On the Blu-ray version, the colours look more garish and have a yellow tint. The Samsung also offers a more accurate reproduction of the blue sky above, bringing it closer to what you’d expect to see in real life.
This combination of HDR and a wider colour gamut results in a wonderfully natural, cinematic viewing experience. But what you shouldn’t expect from HDR is a super-bright, eye-frazzling image. That’s not the point. HDR allows the extremities of light in the picture to be expanded, rather than boosting the overall brightness.
As a result, UHD Blu-ray images can seem dimmer than regular Blu-ray, which might take some getting used to. It’s also worth noting that HDR isn’t best suited to rooms with lots of ambient light. During the daytime I occasionally struggled to pick out detail in the HDR image – ideally you need a pitch-black room to make the most of it.
Viewed on a non-HDR 4K TV – in this case the Samsung UE55HU7500T – the UBD-K8500 still does a bang up job. The player’s on-board HDR to SDR conversion keeps distracting artefacts to a minimum, although pictures inevitably lack the punch and lustre of HDR.
With precious few UHD Blu-ray discs available at present, chances are you’re going to want to spin your existing Blu-ray and DVD collection on the UB-K8500. If so, you’re in good hands. Blu-ray discs are competently upscaled to 4K resolution, offering gloriously sharp and solid pictures – the only problem is that once you’ve seen UHD Blu-ray, you won’t want to go back.
Naturally, upscaled DVDs are at the bottom of the picture pecking order with their soft, smeary appearance, but the Samsung’s solid upscaling means the image is far from unwatchable.
Should I buy the Samsung UBD-K8500?
Had Samsung’s UBD-K8500 shared the £1k launch price of its debut Blu-ray deck, right now I’d be advising you to sit tight until prices come down.

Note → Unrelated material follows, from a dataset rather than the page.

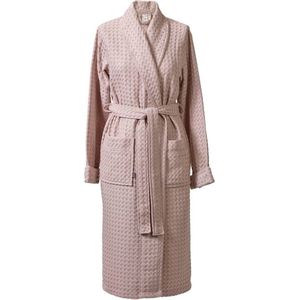 Aquanova Viggo badjas - Wafel - L - Dusty Pink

But that’s not the case. At £429 Samsung is dangling a rather tasty carrot before your eyes, making 4K Blu-ray more tangible than you might imagine. It’s not an extortionate amount of money by any means, even cheaper than some high-end Blu-ray decks. Crucially, it also costs less than Panasonic’s £600 DMP-UB900.
Make the investment and you won’t regret it. On a good-quality 4K HDR TV you’ll be treated to stunning pictures with outstanding depth, pin-sharp detail and rich, realistic colours. With certain discs you might not notice a huge step-up in resolution from Blu-ray, but thanks to HDR and an expanded colour range you will enjoy some of the punchiest and most realistic pictures ever seen on a home cinema screen.
And like Samsung’s regular Blu-ray decks, the UBD-K8500 is a cinch to use and offers a wealth of features – including 4K streaming from Amazon and Netflix, DLNA and backwards compatibility with all your existing discs.
As with any new format there are a couple of sticking points. Discs are currently thin on the ground, and not all of them take full advantage of the 4K format – but that’s not Samsung’s fault.
The only real downside is that Panasonic’s DMP-UB900 4K player offers a better video performance than the Samsung – as you might expect from a deck costing a good £170 more. But, judged on its own merits, the UBD-K8500 is a terrific player that gets Ultra HD Blu-ray off to a very encouraging start.
Samsung’s debut UHD Blu-ray deck is an impressive machine, offering dazzling 4K pictures and loads of features for a lower price than you might expect – although Panasonic’s pricier rival offers a better performance.